There are a number of in situ techniques for recovering hydrocarbons, such as heavy oil and bitumen, from subsurface reservoirs. Thermal in situ recovery techniques often involve the injection of a heating fluid, such as steam, in order to heat and thereby reduce the viscosity of the hydrocarbons to facilitate recovery. One technique, called Steam-Assisted Gravity Drainage (SAGD), has become a widespread process for recovering heavy oil and bitumen, particularly in the oil sands of northern Alberta. The SAGD process involves well pairs, each pair having two horizontal wells drilled in the reservoir and aligned in spaced relation one on top of the other. The upper horizontal well is a steam injection well and the lower horizontal well is a production well.
A SAGD operation typically begins in startup mode, in order to establish fluid communication between the injection well and the production well. After startup, the production well can be recompleted for mechanical lift. Mechanical lift can involve the installation of a downhole pump, such as an electric submersible pump (ESP), at the end of an associated production line to provide the hydraulic force for lifting production fluids to the surface via the associated production line. When a production well is completed with a downhole pump, instrumentation including, for example, optical fibers, thermocouples and/or pressure sensors, can be provided running from the surface downward along the pump production line and terminating at and clamped to the downhole pump.
The use of a downhole pump, such as an ESP, involves a number of challenges. For example, the installation of a downhole pump can limit or prevent the possibility of running instrumentation and/or carrying out logging or other operations below the pump into the producing interval of the well. In some scenarios, however, it can be desirable or necessary to monitor reservoir characteristics and/or process conditions below the pump to facilitate evaluation of different parameters (e.g., temperatures, pressures, flow rates, etc.) along the horizontal portion of the well and, in turn, manage well operations based on the collected data.
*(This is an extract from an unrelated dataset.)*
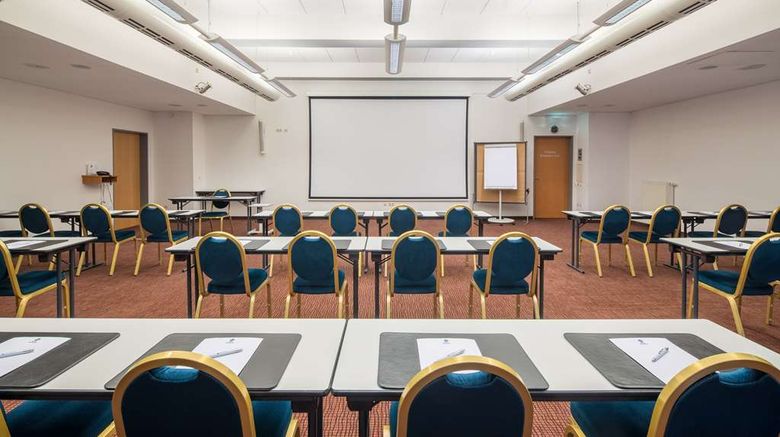 <b>Best Western Hotel Muenchen Airport Ballroom</b>. Images powered by <a href="https://iceportal.shijigroup.com/" title="IcePortal" target="_blank">IcePortal</a>.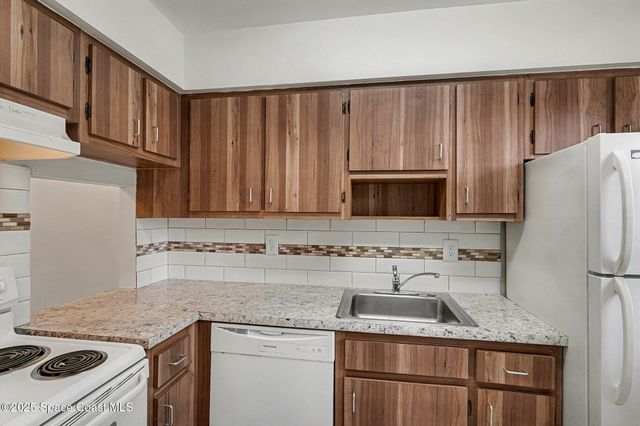 204 W Seminole Avenue 13, Melbourne, FL 32901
Conventional methods of getting instrumentation past a downhole pump deployed in a wellbore can involve time-consuming, extensive, and costly wellbore, wellhead and flowline modifications, and represent considerable downtime with various associated inefficiencies. Accordingly, various challenges still exist in the area of techniques for downhole deployment of well instrumentation in thermal in situ hydrocarbon recovery operations.